George Robertson, Labour's Scottish affairs, spokesman, echoed the words of the district auditor, John Magill, in the Westminster case, describing the purpose of the Local Government (Scotland) Bill as 'the cynical promotion of electoral advantage'. Here was everything Lady Porter did and more enshrined in legislation, he said. The Bill, given a Second Reading by 318 votes to 277, replaces 53 district and nine regional councils on the mainland with less than half that number of unitary authorities.

Though Labour campaigned for single-tier councils - with a Scottish parliament - at the last election, Mr Robertson said that under the Government's plan the boundaries had been 'shamefully gerrymandered'. In one case, East Renfrewshire had been created by adding 'Tory houses and middle-class enclaves' to tiny Eastwood - seat of Allan Stewart, Under- Secretary for Scotland.

While the areas of most new authorities are described in two or three lines in the Bill, East Renfrewshire takes up 49 lines. Farms, burns and individual houses are listed. Mr Robertson wondered if the residents of 39-41 Ben More Drive, Paisley, would be asked which way they intended to vote and amendments to the boundary follow.

Mr Lang told MPs that changes to the map could be considered during the Bill's later stages, but he vehemently rejected the charge of gerrymandering. Drawing a gale of laughter from opposition parties, he told the House: 'We want to get back to basics in local government.' With two councils for each area of Scotland, there was a weak democratic link between councils and their communities.

'One of the malign effects of the two-tier structure has been to blur the identity of individual authorities in the eyes of the public. It has made councils less accountable and voters more apathetic.'

The attack by the Scottish majority on the man they refer to as the 'governor general' was preceded by an attempt by Welsh MPs to point up differences between John Redwood, Secretary of State for Wales, and the Prime Minister.

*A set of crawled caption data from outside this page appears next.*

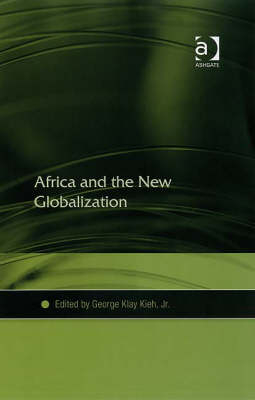Africa and the New Globalization -  Jr.,  George Klay Kieh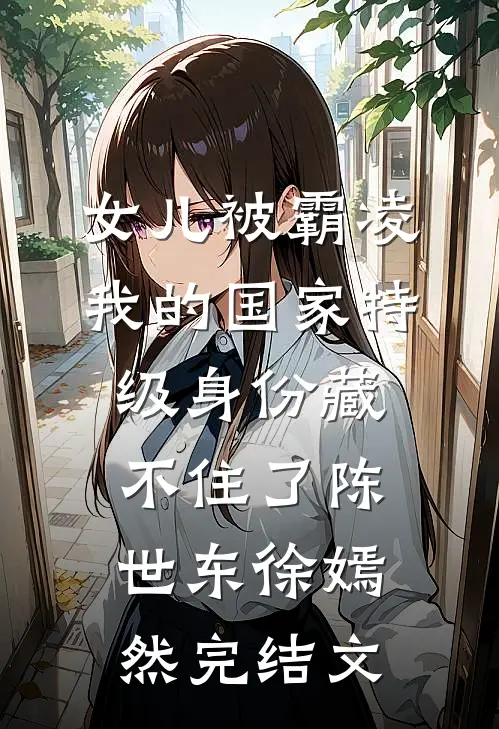 女儿被霸凌，我的国家特级身份藏不住了陈世东徐嫣然完结文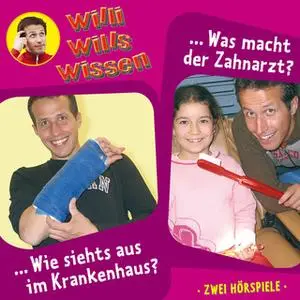 «Willi wills wissen - Folge 8: Wie siehts aus im Krankenhaus? / Was macht der Zahnarzt?» by Jessica Sabasch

Ron Davies, Labour's Welsh affairs spokesman, said if Mr Redwood wanted to get back to basics he should start doing the job he was paid to do and argue for policies that got Wales back to work.

'Doesn't Mr Redwood realise that his petty squabbles with the Prime Minister about personal morality are bringing him into contempt and ridicule and it's the people of Wales who are increasingly paying the price?'

The right-wing Mr Redwood, who opened the controversy over single mothers, was assumed to be one of the Cabinet ministers Mr Major last year branded 'bastards', if not one of those he might now want to crucify.

Rhodri Morgan, another shadow minister, said that with part-time service jobs replacing full-time manufacturing jobs, Mr Redwood was 'doing to the Welsh economy what the Prime Minister is supposed to want to do to him'.

Mr Redwood said the MP was 'as wrong in his quote from the Prime Minister as he is in his general remarks about the Welsh economy. He cheapens himself by his remarks rather than making a good debating point.' The Secretary of State reeled off a string of new job opportunities and promised to do anything in his power to carry on the recovery in Wales.

Nearly 5,500 motorists failed a breath test during the Christmas and New Year period and among the worst offenders were the middle-aged, Earl Ferrers, Minister of State at the Home Office, told peers.

There were 5,487 positive tests during the fortnight - a rise of 170 on the same period a year ago, he said.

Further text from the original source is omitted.